Protein succinylation, hepatic metabolism, and liver diseases

Figure 1 Mechanisms for succinylation. Succinylation is the process of transferring negatively charged four-carbon succinyl groups to amines of lysine residues through enzymatic and non-enzymatic manners using succinyl-CoA as a direct substrate. The succinylation degree can be promoted by succinyltransferases, such as lysine acetyltransferase 2A, histone acetyltransferase 1, α-ketoglutarate dehydrogenase complex, and carnitine palmitoyltransferase 1A. Meanwhile, desuccinylases, including CobB, sirtuin 5, and sirtuin 7 negatively regulate the extent of protein succinylation.

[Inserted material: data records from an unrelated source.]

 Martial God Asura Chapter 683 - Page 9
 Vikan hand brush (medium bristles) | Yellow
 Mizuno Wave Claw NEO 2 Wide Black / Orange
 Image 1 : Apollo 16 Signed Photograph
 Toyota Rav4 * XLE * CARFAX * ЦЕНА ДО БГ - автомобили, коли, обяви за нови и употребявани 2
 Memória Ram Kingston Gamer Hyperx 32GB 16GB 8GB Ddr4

KAT2A: Lysine acetyltransferase 2A; HAT1: Histone acetyltransferase 1; α-KGDHC: α-ketoglutarate dehydrogenase complex; SIRT5: Sirtuin 5; SIRT7: Sirtuin 7; CPT1A: Carnitine palmitoyltransferase 1A.

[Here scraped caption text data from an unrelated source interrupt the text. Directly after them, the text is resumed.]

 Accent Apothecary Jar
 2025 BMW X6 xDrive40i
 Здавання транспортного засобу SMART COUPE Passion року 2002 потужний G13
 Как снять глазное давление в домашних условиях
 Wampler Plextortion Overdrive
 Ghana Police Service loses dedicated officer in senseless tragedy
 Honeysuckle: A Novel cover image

Figure 2 Effect of succinylation on hepatic metabolic pathways. The influence of succinylation on hepatic glucose metabolism occurs in the following ways: (1) Under the stimulation of succinyl-CoA. Histone acetyltransferase 1 causes the K99 site of phosphoglycerate mutase 1 to be succinylated and promotes its enzyme activity, thus promoting glycolysis; (2) the influence of succinylation on hepatic amino acid metabolism. Sirtuin 5 promotes urea production by regulating the desuccinylation of arginine succinate synthetase 1 and carbamoyl phosphate synthase 1; and (3) the influence of succinylation on hepatic lipid metabolism. Sirtuin 5 induces desuccinylation of mitochondrial 3-hydroxy-3-methylglutaryl-CoA synthetase 2 and promotes ketone body formation. HAT1: Histone acetyltransferase 1; SIRT5: Sirtuin 5; TCA: Tricarboxylic acid; HMGCS2: 3-hydroxy-3-methylglutaryl-CoA synthetase 2; PGAM1: Phosphoglycerate mutase 1; ASS1: Arginine succinate synthetase 1.

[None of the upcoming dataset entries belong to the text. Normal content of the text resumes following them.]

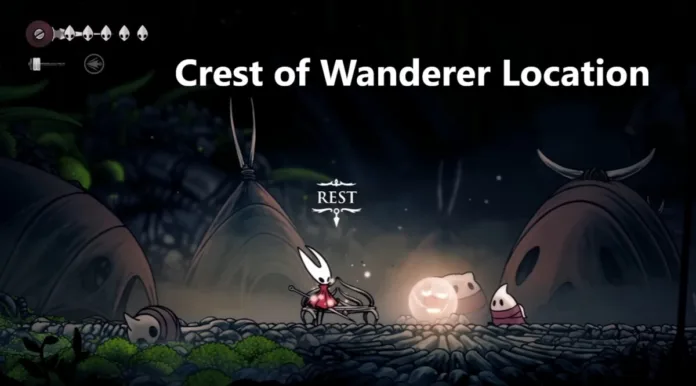 Crest of Wanderer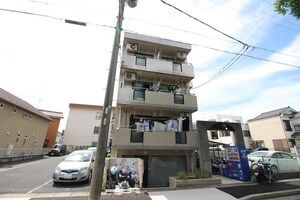 サンシティ八剣Ⅱ外観写真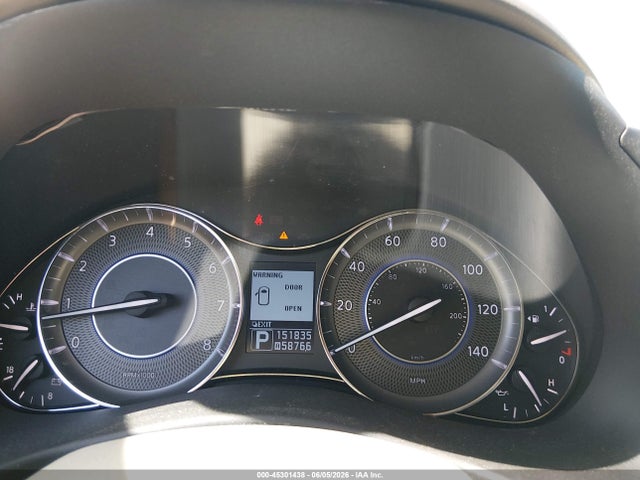 INFINITI Qx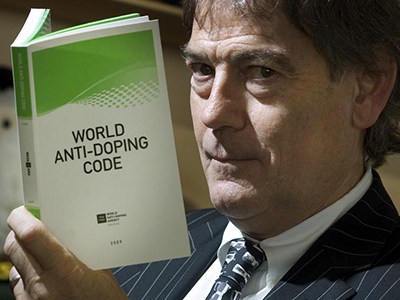 WADA increases doping bans to four years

Figure 3 Succinylation affects the progression of fatty liver, hepatitis, and hepatocellular carcinoma. A: P50 stabilizes histone deacetylase 1 protein to keep desuccinylation of sterol-regulatory element binding protein 1c, thereby promoting fatty liver. Sirtuin 7 (SIRT7)-mediated desuccinylation of SIRT7 mediates the desuccinylation of arginine methyltransferase 5 at K387 promotes fatty liver by inducing arginine methylation of SREBP1a; B: IFN-α inhibits lysine acetyltransferase 2A-mediated succinylation of histone H3K79 and SIRT7 promotes desuccinylation of histone H3K122, which restrains viral replication and hepatitis; C: Sirtuin 5 deficiency activates acyl-CoA oxidase 2 succinylation, leading to elevated bile acid levels and promoting hepatocellular carcinoma (HCC). Histone acetyltransferase 1 not only promotes hepatocellular carcinogenesis by activating H3K122 succinylation but also promotes the glycolytic pathway by promoting succinylation of phosphoglycerate mutase 1 at K99, thereby promoting HCC. HBV: Hepatitis B virus; PRMT5: SIRT7 mediates the desuccinylation of arginine methyltransferase 5; SREBP: Sterol-regulatory element binding protein; ACOX2: Acyl-CoA oxidase 2; HAT1: Histone acetyltransferase 1; HCC: Hepatocellular carcinoma; PGAM1: Phosphoglycerate mutase 1.